Discussion in 'Journalism topics only' started by joe_schmoe, Oct 30, 2014.

  1. joe_schmoe

    joe_schmoe Active Member

    To my fellow sports journalists who have to cover a high school game (or any other event) this Friday:
    As you know Friday is Halloween. Please avoid working in any type of Halloween lead into your story.
    They are tempting, they can even be cutesy But they are overdone, and often way too forced. So unless you are extremely talented, don't let your readers cringe at your work.

  2. Riptide

    Riptide Well-Known Member

    'Tis the season!
  3. Starman

    Starman Well-Known Member

    throw out the record books in this rivalry

    A tale of two halves

    it was the best of times/worst of times

    sweet revenge

    we got no respect

    weather cliches -- unless it was a REAL factor, nobody really cares

    "The experts were wrong" -- Las Vegas doesn't pick HS games
  4. HejiraHenry

    HejiraHenry Well-Known Member

    Halloween reference is one of those "you get to do this once in a career, so make it count" things for me.

    It does remind me that I need to caution our younger guys about that before Friday night.
  5. Baron Scicluna

    Baron Scicluna Well-Known Member

    The Bumfuck Giants tricked the Bumblefuck Royals on Friday night and it was a treat for the fans ....
  6. Steak Snabler

    Steak Snabler Well-Known Member

    I once told a room full of stringers that if I got any Friday 13th ledes that night, they were all fired.
  7. Mystery Meat II

    Mystery Meat II Well-Known Member

    This is one of those things that only we'd care about. Your average reader doesn't know or care how often you made a holiday reference in a lede unless you did it every day or they were keeping meticulous stats, in which case there's another problem.

    I get not wanting to encourage lazy writing, but I don't think anyone who picks up the paper is going to be upset if they see a Halloween-themed lede on the story about the football game that took place on Halloween.
  8. Dick Whitman

    Dick Whitman Well-Known Member

    I kind of tend to agree with MM here, and that's a 180 degree change from how I felt about it when I was covering preps as a full-time gig.

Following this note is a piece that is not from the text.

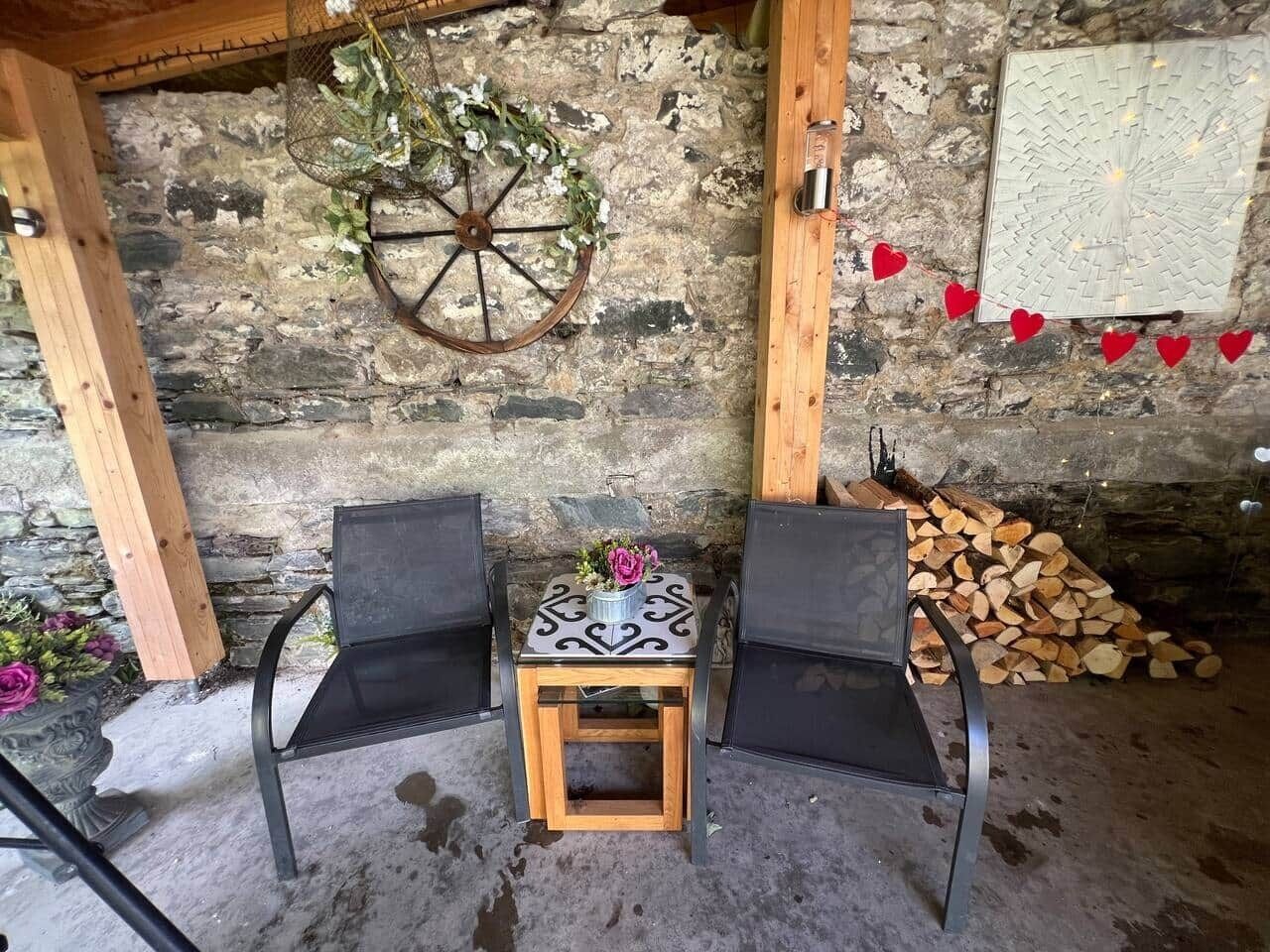 A rustic room with a stone wall, a wooden table with a flower vase, two black chairs, and a wheel with greenery.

    Here's the thing: You may think it's trite. And you may think it appears in every story in the paper. But, meanwhile, the kids playing in the game think it's a big deal that the game's on Halloween. The fans think it's a big deal that the game's on Halloween. The school will think it's a big deal - "Monster Mash" and "Thriller" will be playing on stadium speakers everywhere tomorrow during warm-ups. And, finally, 90 percent of readers are going to read one game story from Friday night - theirs.

    Who are we to ignore what, to the people involved and who care, feels like a big deal?

    Same thing with Senior Night.
  9. doctorquant

    doctorquant Well-Known Member

    Were I still a sports writer, here's how I'd answer your question ...

    "We are the ones who are hoping to use this clip (and others) to get a job at which we don't have to cover high schools."
  10. 29

    29 New Member

    It's like 'the good, the bad and the ugly' — you get to use it once
  11. RecoveringJournalist

    RecoveringJournalist Well-Known Member

    That's also the rule for the question lede.
  12. da man

    da man Well-Known Member

    Then that's up to you, isn't it?